Read I/O Performance On >50,000 IOPS

Question

Question

Isaac Aaron · Jun 3, 2016

Hello

During some consultant activity I did at a client's I have discovered something very interesting. It seems like the current processing cycle as written in ObjectScript has trouble utilizing an SSD-based storage machine with five-digit IOPS.I have read some the articles including the one by Tony Pepper here, which is good for reference.

The article by Tony Pepper discusses "Random Read I/o Storage", which was exactly what I was testing. By looking at the "Specifications and Targets" section I can tell immediately what the difference is between performance as perceived by this article (and the others I've read so far) and the challenges we face on a highly capable machine such as the IBM V9000 storage or Hitachi Data Systems G200 (an up) configured with SSDs.

On Tony Pepper's article, the storage system is a 24-disk machine with 10K RPM disks. These machines can generate about 2880 host IOPS. On these conditions Cache excels in performance because disk seek times are considerably slower than the computer's RAM and the CPU's capability to span through data received from the storage machine.

An IT process usually written by a programmer with medium skills benefits greatly from being able to run a $ORDER based loop on a global while performing the usual span of read, process, write tasks. Cache also takes into consideration that write operations are more expensive than read operation by implementing write bursts with the write daemon.
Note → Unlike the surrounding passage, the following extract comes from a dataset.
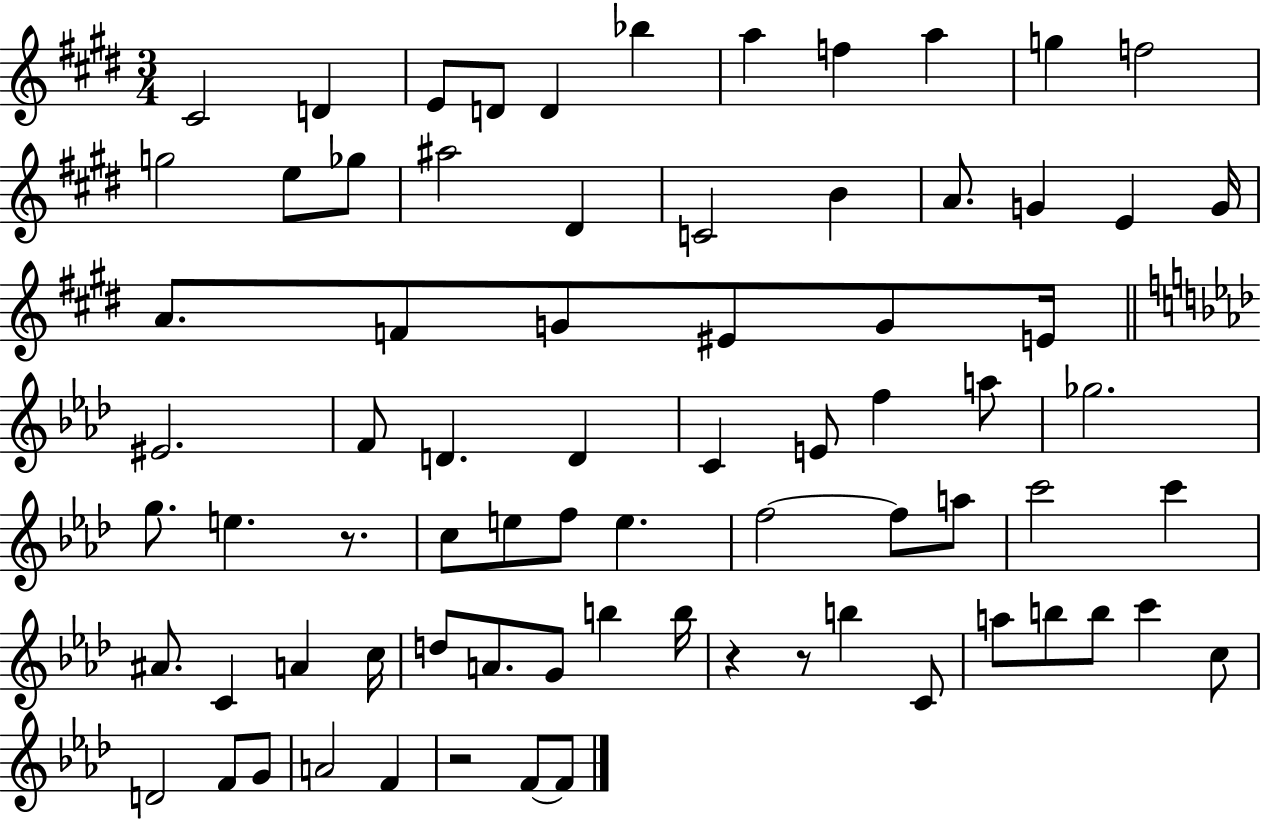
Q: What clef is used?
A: treble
Compared to a typical SQL server client cursor process, Cache eliminates the network bottleneck and latency caused by having to exchange data with the client all through the process as it reads data packets, processes and performs atomic writes for each record.

The big difference comes when the storage system is much more capable than 2880 IOPS. New SSD based systems provide typically 60,000 IOPS and I have found that to be a game changer when trying to apply the same work practice as mentioned before ($O, read, process, write). In my test I took a 160GB global and wrote a simple process that starts at a random point from that global, spans forward with a $O run, advancing by about 200 records each 10 records read (to force a new seek out of the current block), reads the node at the current iterator and optionally writes the same data on it. My aim was to squeeze as much as IOPS I can get from the storage controller. I ran multiple jobs of that process experimenting with the numbers by changing the number of read and R/W processes.
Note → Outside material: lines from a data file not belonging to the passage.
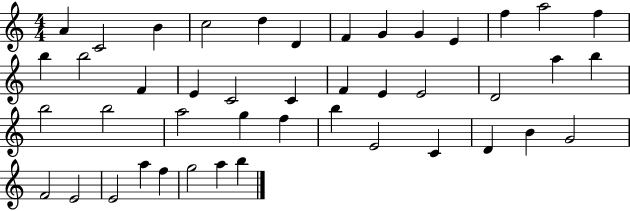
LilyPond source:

{
  \clef treble
  \numericTimeSignature
  \time 4/4
  \key c \major
  a'4 c'2 b'4 | c''2 d''4 d'4 | f'4 g'4 g'4 e'4 | f''4 a''2 f''4 | \break b''4 b''2 f'4 | e'4 c'2 c'4 | f'4 e'4 e'2 | d'2 a''4 b''4 | \break b''2 b''2 | a''2 g''4 f''4 | b''4 e'2 c'4 | d'4 b'4 g'2 | \break f'2 e'2 | e'2 a''4 f''4 | g''2 a''4 b''4 | \bar "|."
}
The outcome was quite surprising. At first I had some disappointing results and I couldn't see any resource used up its maximum - neither storage nor host. So I then increased the number of jobs and then had to face some challenges keeping the virtual machine responsive. I later discovered that the problem was a break of balance cause by the write daemon waking up for its delayed write which requires CPU while the machine's resources were almost exhausted after I kept increasing load to its maximum capacity.

I then realized that the real issue here is with reads. One ObjectScript Interpeted process on the test machine doing a simple $ORDER run with a simple read (Set X=^GLOBAL(SUBSCRIPT...) ) could only employ the storage machine for a few hundreds of IOPS. The CPU overhead involved in executing the ObjectScript code makes the read ineffective. Each line I optimized raised the IOPS count. The best I got with the test machine was about 8000 IOPS. On that same machine, running an Integrity Check utilizes about 40,000 IOPS and I could never reach that high with ObjectScript code.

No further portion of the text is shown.